Водной из своих радиопередач я цитировал рассказ Грэма Грина о мальчике, который учится в частной школе в Англии. Во время урока мальчика вызывают к директору. По мрачному выражению лица директора он понимает, что случилось несчастье. Директор начинает говорить трагичным тоном: «Я вынужден с прискорбием сообщить…» – и вдруг, не в силах сдержаться, закатывается в приступе истерического смеха, с которым невозможно совладать. Бедный мальчик стоит перед ним, совершенно растерянный.
Справившись с собой, директор сообщает ученику, что его отец скончался.
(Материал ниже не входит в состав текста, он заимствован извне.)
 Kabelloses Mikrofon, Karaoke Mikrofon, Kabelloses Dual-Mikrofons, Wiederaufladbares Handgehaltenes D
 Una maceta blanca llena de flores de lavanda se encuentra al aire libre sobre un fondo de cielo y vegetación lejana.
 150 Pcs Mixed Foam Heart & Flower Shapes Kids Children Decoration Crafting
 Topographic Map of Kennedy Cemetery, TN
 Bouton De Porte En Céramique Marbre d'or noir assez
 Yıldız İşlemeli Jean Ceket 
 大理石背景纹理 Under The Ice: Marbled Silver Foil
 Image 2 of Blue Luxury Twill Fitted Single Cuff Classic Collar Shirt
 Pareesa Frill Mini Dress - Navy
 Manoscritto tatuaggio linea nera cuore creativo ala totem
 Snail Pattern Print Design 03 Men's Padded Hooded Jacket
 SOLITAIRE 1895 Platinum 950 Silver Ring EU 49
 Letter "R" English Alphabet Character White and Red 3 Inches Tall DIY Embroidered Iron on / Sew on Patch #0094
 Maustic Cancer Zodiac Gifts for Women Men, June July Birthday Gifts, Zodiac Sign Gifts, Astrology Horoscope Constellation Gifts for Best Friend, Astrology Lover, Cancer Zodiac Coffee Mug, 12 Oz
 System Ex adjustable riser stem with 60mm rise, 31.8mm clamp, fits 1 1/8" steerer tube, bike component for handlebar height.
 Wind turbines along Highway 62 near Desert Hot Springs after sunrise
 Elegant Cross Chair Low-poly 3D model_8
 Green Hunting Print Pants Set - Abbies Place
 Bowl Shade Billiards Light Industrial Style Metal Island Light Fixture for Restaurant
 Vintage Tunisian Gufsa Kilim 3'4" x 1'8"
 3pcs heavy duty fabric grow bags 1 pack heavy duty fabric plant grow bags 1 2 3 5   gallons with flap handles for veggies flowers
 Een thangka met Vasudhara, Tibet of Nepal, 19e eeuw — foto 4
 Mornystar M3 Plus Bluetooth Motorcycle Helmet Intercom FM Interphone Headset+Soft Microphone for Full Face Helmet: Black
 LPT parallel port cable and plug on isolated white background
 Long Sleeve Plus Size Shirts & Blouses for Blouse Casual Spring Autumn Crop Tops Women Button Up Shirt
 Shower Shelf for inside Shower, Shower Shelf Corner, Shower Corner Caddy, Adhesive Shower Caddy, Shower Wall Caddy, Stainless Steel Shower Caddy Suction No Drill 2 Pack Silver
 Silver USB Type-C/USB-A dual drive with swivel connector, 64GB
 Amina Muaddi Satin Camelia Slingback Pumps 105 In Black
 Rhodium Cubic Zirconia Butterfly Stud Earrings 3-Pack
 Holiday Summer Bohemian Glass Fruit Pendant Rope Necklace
Ошеломленный ребенок спрашивает: «Как это случилось?» Директор пытается ответить, но вновь давится от хохота. «Твой отец, – говорит он сквозь слезы смеха, – гулял по Неаполю, когда на его голову с какого-то балкона свалилась свинья и убила его».
Эта история, похожая на неаполитанскую версию «Свидания в Самарре», позабавила меня, поскольку показалась знакомой. В 1944 году Смерть и я встречались столько раз, что, если бы она предстала передо мной в виде падающей с балкона свиньи, меня удивило бы только то, что в Будапеште еще остались несъеденные свиньи.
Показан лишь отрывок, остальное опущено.